TASK OBJECTIVE: Leave every picture out and give back the lines below from the first through the line that holds "dragon, staff, face, mask", exactly as written.

EXCERPTED DATA:
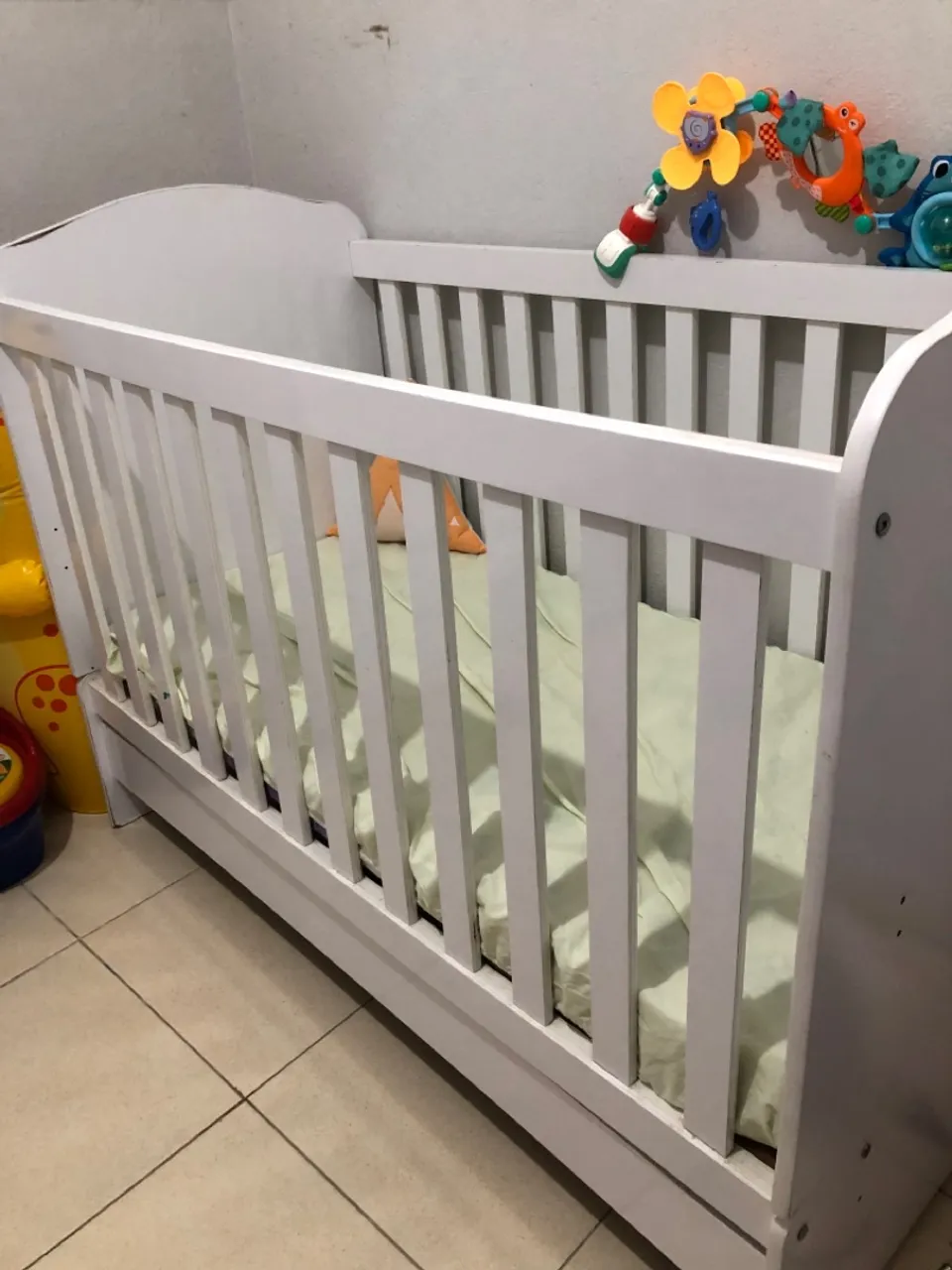 Berço de Bebê Branco
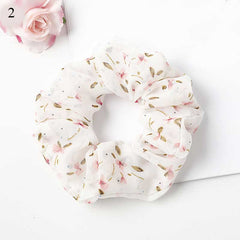 Korean Women Scrunchie Hearwear Girls Hair Tie Lady Scrunchies Ponytail Hair Female Holder Rope Pineapple Print Hair Accessories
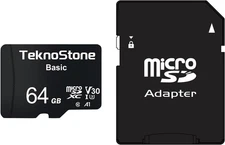 64GB Micro SD Card SDXC Memory Card with Adapter up to 90Mb/S Read Speed 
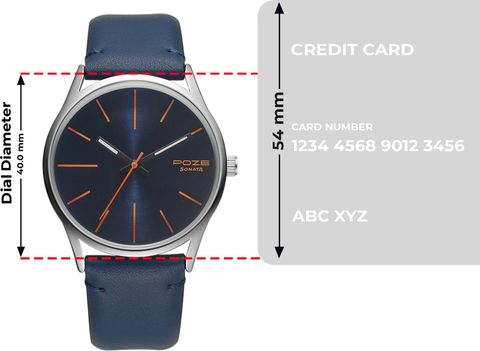 SONATA Poze Men Analog Blue Dial Blue Strap Analog Watch - For Men SP70013SL02W - Image 8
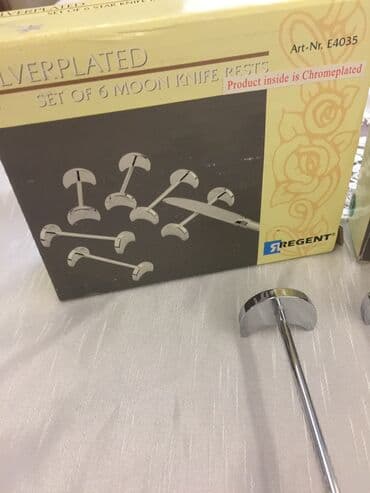 çəngəl qaşıq dəstləri: Regent firmasi. Qaşıq - cəngəl servirovka ücün. Tezedi. 12 dənə var. 6 — 2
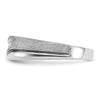 14k White Gold with Black Rhodium 1/4 carat Lab Grown Diamond VS/SI+ G+ Complete Polished Satin and Grooved Men's Ring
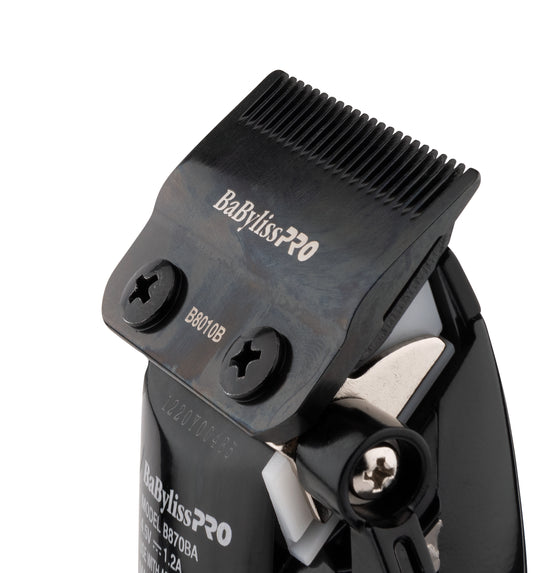 BaBylissPRO Black FX Lithium Clipper - Black Cord/Cordless
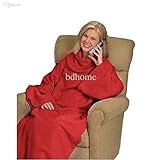 1 の Wholesale-New ポータブル 170 ピース x 131 cm 暖かい Snuggie フリース、袖は赤や青の治療台のブランケット毛布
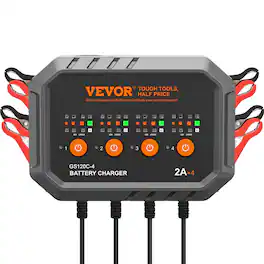 VEVOR - Smart Battery Charger, 8-Amp, LiFePO4 Lead-Acid (AGM / Gel / SLA) Car Battery Charger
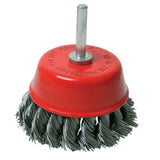 Silverline 244983 Rotary Steel Twist-Knot Cup Brush - 75mm - Voyto Ltd Online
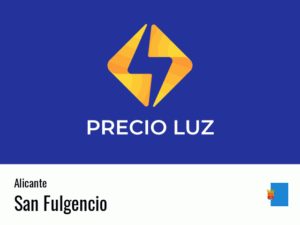 Precio luz hoy horas San Fulgencio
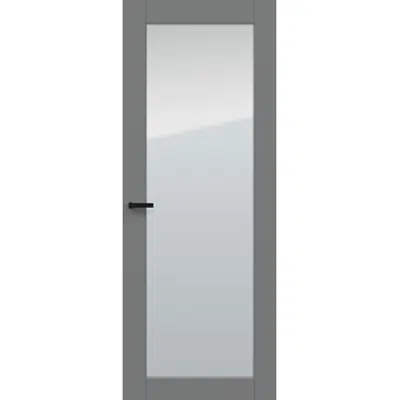 Image for Interior door Form Design with outwards opening hidden I-frame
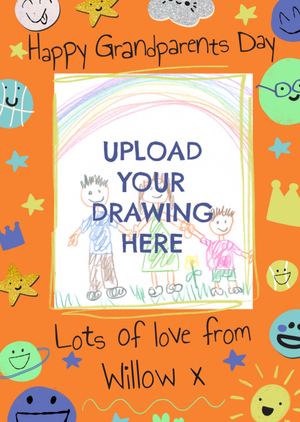 Fun Upload Your Drawing Grandparents Day Card From The Grandchild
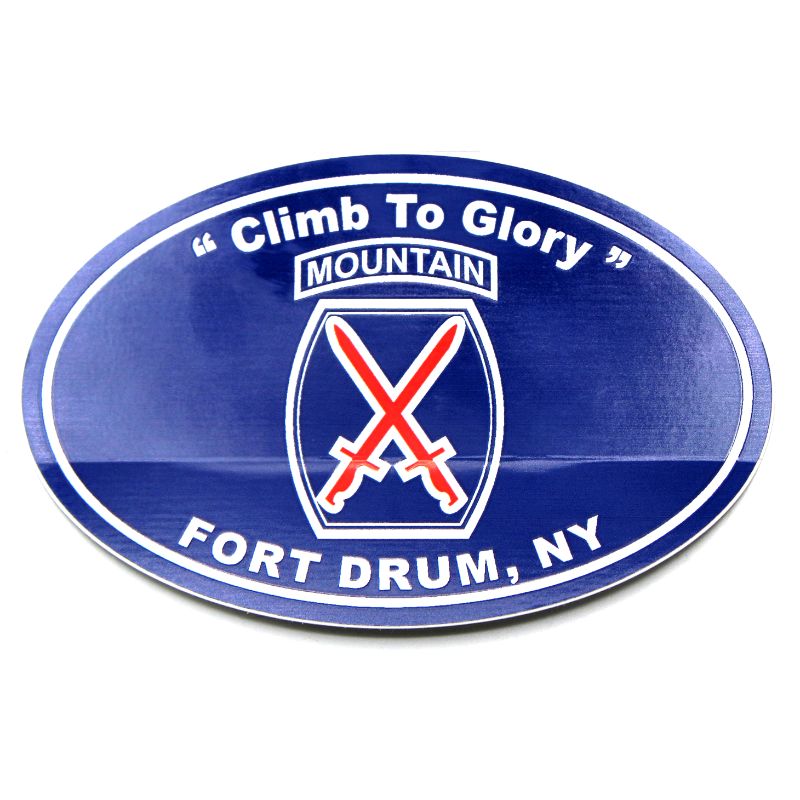 10th Mountain Division Euro Style Decal 4.5" x 3"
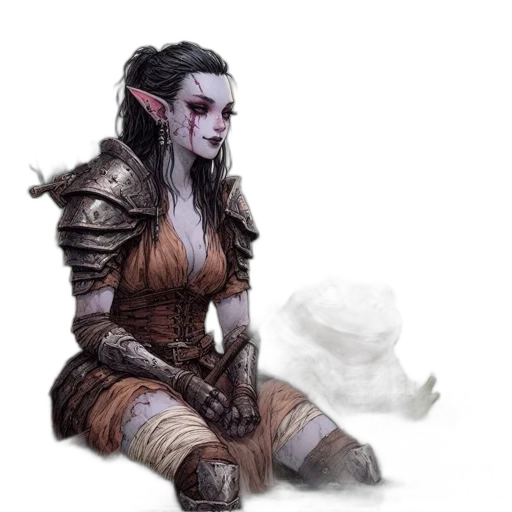 dragon, staff, face, mask transparent PNG cut-out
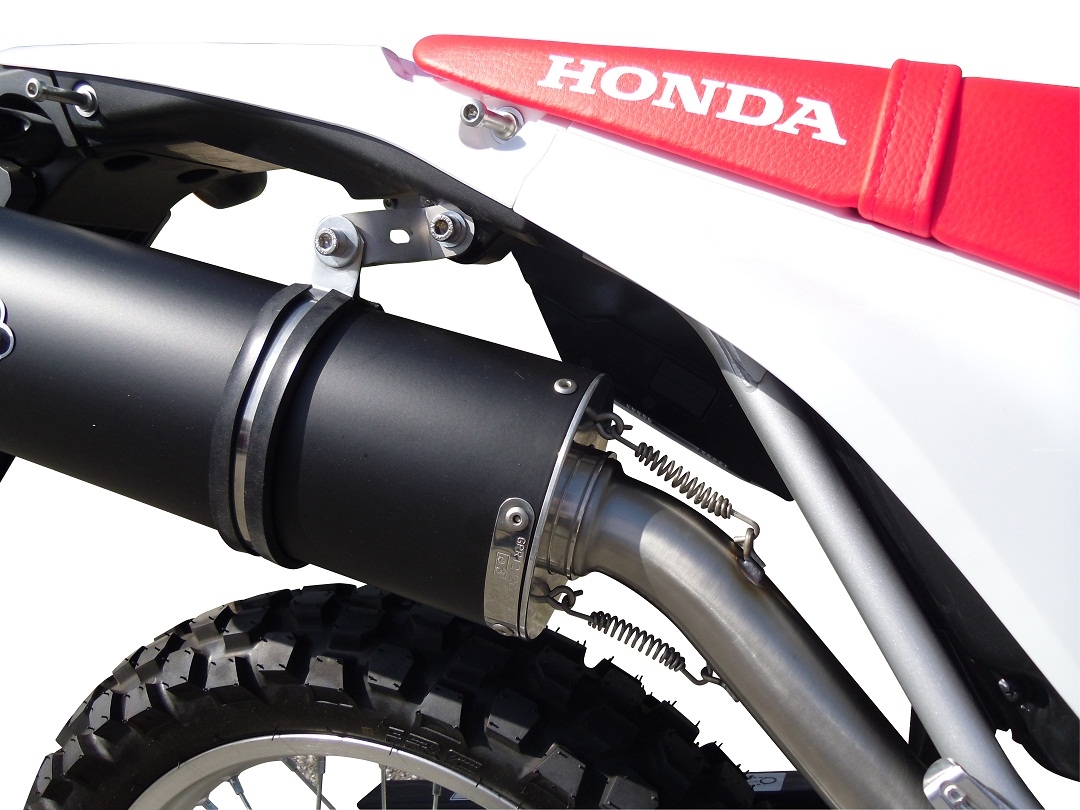 GPR exhaust compatible with  Honda Crf 250 M 2013-2016, Satinox, Homologated legal full system exhaust, including removable db killer and catalyst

TASK RESULT:
 Berço de Bebê Branco
 Korean Women Scrunchie Hearwear Girls Hair Tie Lady Scrunchies Ponytail Hair Female Holder Rope Pineapple Print Hair Accessories
 64GB Micro SD Card SDXC Memory Card with Adapter up to 90Mb/S Read Speed 
 SONATA Poze Men Analog Blue Dial Blue Strap Analog Watch - For Men SP70013SL02W - Image 8
 çəngəl qaşıq dəstləri: Regent firmasi. Qaşıq - cəngəl servirovka ücün. Tezedi. 12 dənə var. 6 — 2
 14k White Gold with Black Rhodium 1/4 carat Lab Grown Diamond VS/SI+ G+ Complete Polished Satin and Grooved Men's Ring
 BaBylissPRO Black FX Lithium Clipper - Black Cord/Cordless
 1 の Wholesale-New ポータブル 170 ピース x 131 cm 暖かい Snuggie フリース、袖は赤や青の治療台のブランケット毛布
 VEVOR - Smart Battery Charger, 8-Amp, LiFePO4 Lead-Acid (AGM / Gel / SLA) Car Battery Charger
 Silverline 244983 Rotary Steel Twist-Knot Cup Brush - 75mm - Voyto Ltd Online
 Precio luz hoy horas San Fulgencio
 Image for Interior door Form Design with outwards opening hidden I-frame
 Fun Upload Your Drawing Grandparents Day Card From The Grandchild
 10th Mountain Division Euro Style Decal 4.5" x 3"
 dragon, staff, face, mask transparent PNG cut-out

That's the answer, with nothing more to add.